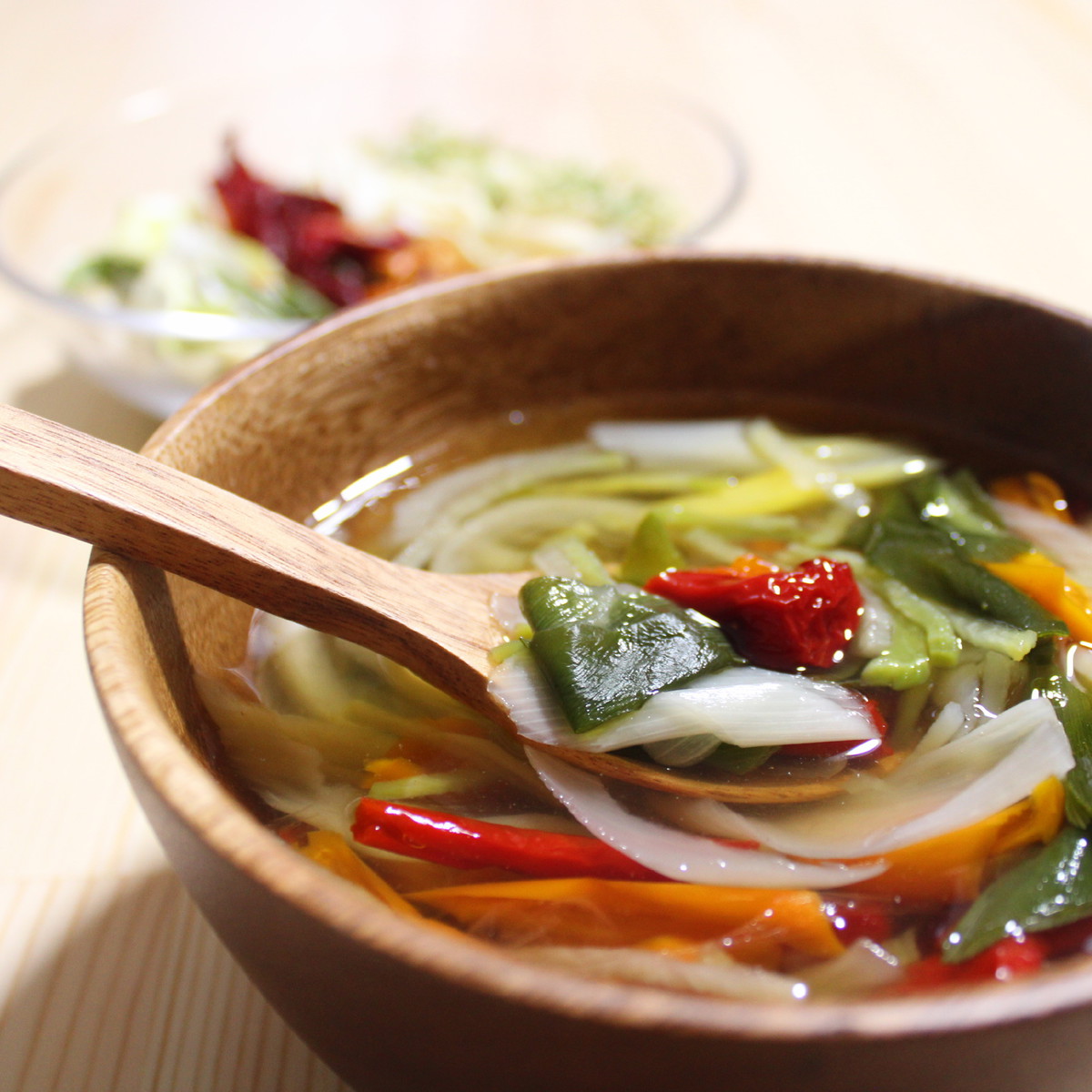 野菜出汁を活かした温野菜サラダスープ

- - -

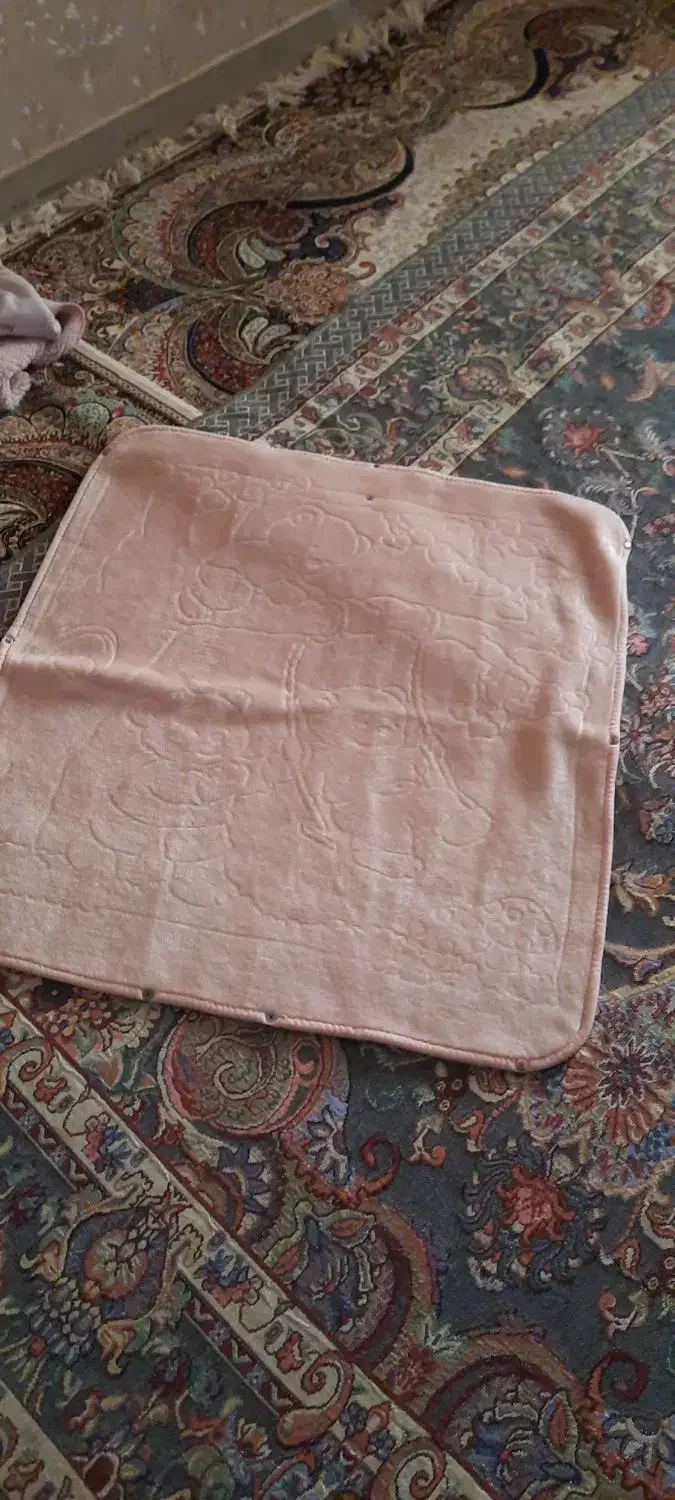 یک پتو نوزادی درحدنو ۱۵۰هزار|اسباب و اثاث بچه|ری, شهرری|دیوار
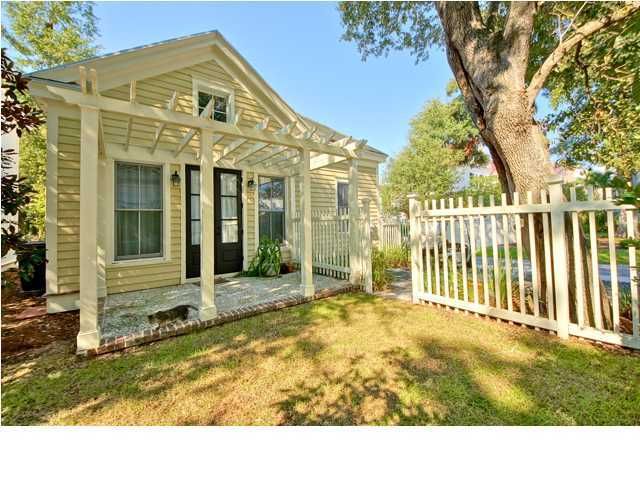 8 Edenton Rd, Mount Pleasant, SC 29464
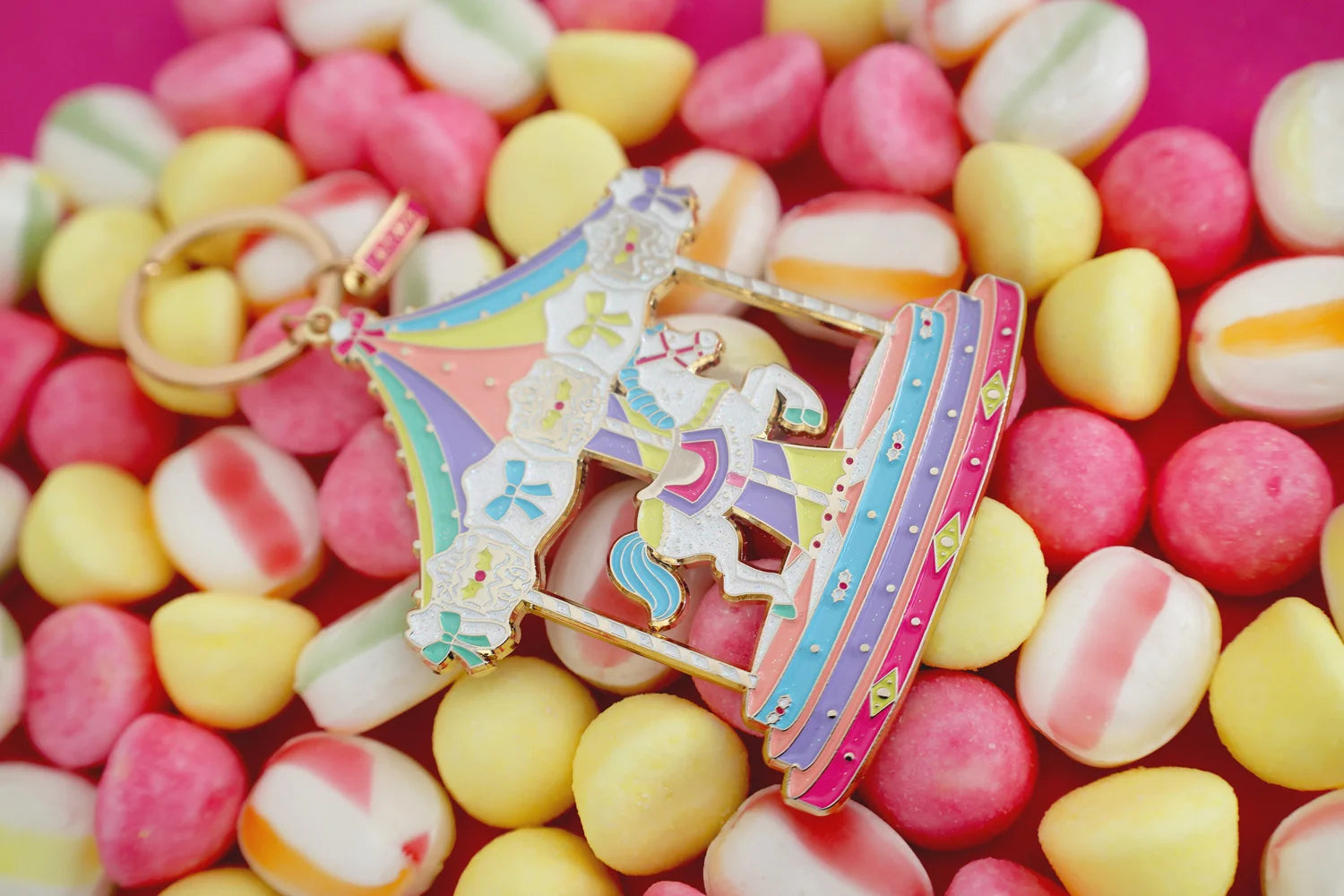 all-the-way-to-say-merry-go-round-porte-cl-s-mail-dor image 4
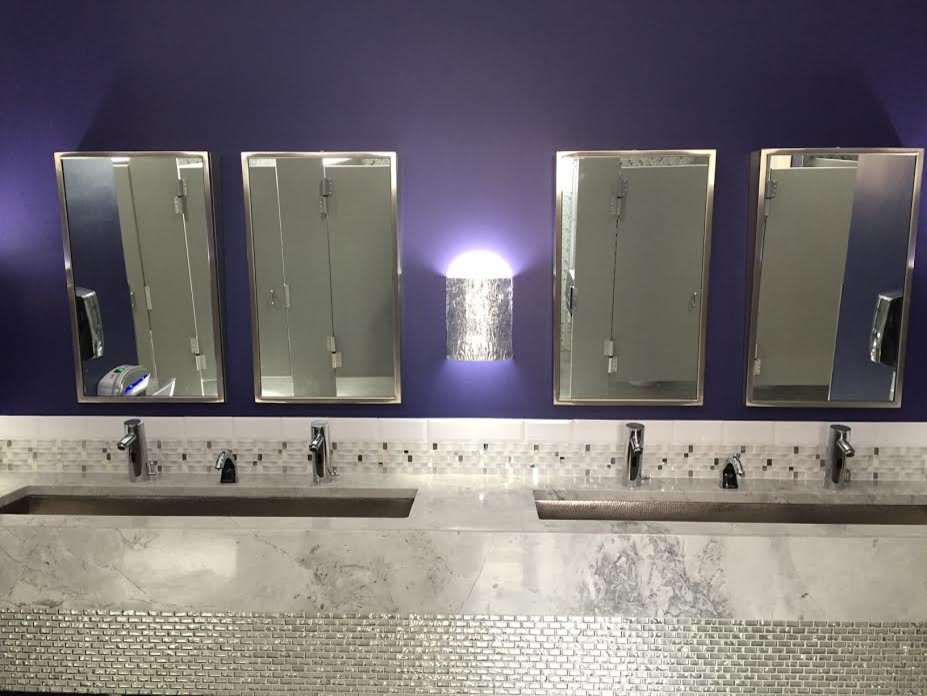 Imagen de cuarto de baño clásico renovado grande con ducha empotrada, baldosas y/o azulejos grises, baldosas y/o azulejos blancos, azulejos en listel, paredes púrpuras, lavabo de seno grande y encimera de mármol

- - -

Brief: The answer must be the lines above from the one containing "all-the-way-to-say-merry-go-round-porte-cl-s-mail-dor image 4" through the one containing "Imagen de cuarto", reproduced exactly, with no pictures and nothing else.

Written solution:
 all-the-way-to-say-merry-go-round-porte-cl-s-mail-dor image 4
 Imagen de cuarto de baño clásico renovado grande con ducha empotrada, baldosas y/o azulejos grises, baldosas y/o azulejos blancos, azulejos en listel, paredes púrpuras, lavabo de seno grande y encimera de mármol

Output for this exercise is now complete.